◆ **Task statement**: For the entries below, the result should be an exact transcription of the lines from the one with "A white bottle" up to and including the one with "tavolo da pranzo", and only those.

◆ **Material provided**:
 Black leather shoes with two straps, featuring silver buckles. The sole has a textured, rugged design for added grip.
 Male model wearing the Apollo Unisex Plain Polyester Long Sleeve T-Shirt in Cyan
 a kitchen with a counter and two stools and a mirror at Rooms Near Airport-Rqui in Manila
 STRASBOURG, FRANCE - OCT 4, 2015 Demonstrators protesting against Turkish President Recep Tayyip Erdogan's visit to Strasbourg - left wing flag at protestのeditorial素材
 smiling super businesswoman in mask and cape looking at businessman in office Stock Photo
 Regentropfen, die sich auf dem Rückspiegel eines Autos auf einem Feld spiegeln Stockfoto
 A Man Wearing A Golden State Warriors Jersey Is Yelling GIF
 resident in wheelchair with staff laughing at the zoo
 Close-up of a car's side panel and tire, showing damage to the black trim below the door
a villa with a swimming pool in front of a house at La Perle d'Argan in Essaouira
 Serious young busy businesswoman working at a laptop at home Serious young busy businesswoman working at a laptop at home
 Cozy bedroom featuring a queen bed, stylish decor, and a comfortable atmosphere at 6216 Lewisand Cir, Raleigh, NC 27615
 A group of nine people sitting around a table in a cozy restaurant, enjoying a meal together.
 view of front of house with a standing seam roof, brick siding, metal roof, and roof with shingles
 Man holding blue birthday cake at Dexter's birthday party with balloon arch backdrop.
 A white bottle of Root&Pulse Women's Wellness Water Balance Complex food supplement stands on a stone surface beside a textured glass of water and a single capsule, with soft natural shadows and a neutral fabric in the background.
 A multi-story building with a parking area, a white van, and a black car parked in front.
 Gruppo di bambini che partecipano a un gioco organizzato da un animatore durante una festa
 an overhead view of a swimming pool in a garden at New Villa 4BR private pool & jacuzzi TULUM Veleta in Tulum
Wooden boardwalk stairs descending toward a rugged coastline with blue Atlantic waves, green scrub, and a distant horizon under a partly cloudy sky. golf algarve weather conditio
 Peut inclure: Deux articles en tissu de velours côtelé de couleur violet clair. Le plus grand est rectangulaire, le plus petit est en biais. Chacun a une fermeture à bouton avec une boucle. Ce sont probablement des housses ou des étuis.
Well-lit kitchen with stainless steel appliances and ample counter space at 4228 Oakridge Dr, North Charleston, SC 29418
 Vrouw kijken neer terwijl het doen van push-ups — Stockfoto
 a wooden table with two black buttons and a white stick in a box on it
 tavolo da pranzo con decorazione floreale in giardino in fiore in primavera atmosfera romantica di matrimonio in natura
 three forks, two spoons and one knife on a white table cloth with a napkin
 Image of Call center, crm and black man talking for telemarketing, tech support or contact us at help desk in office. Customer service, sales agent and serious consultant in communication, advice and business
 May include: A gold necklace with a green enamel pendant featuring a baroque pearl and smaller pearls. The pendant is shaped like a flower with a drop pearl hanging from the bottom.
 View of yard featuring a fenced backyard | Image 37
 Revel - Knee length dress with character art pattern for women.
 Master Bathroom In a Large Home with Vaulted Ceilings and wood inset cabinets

◆ **Result**:
 A white bottle of Root&Pulse Women's Wellness Water Balance Complex food supplement stands on a stone surface beside a textured glass of water and a single capsule, with soft natural shadows and a neutral fabric in the background.
 A multi-story building with a parking area, a white van, and a black car parked in front.
 Gruppo di bambini che partecipano a un gioco organizzato da un animatore durante una festa
 an overhead view of a swimming pool in a garden at New Villa 4BR private pool & jacuzzi TULUM Veleta in Tulum
Wooden boardwalk stairs descending toward a rugged coastline with blue Atlantic waves, green scrub, and a distant horizon under a partly cloudy sky. golf algarve weather conditio
 Peut inclure: Deux articles en tissu de velours côtelé de couleur violet clair. Le plus grand est rectangulaire, le plus petit est en biais. Chacun a une fermeture à bouton avec une boucle. Ce sont probablement des housses ou des étuis.
Well-lit kitchen with stainless steel appliances and ample counter space at 4228 Oakridge Dr, North Charleston, SC 29418
 Vrouw kijken neer terwijl het doen van push-ups — Stockfoto
 a wooden table with two black buttons and a white stick in a box on it
 tavolo da pranzo con decorazione floreale in giardino in fiore in primavera atmosfera romantica di matrimonio in natura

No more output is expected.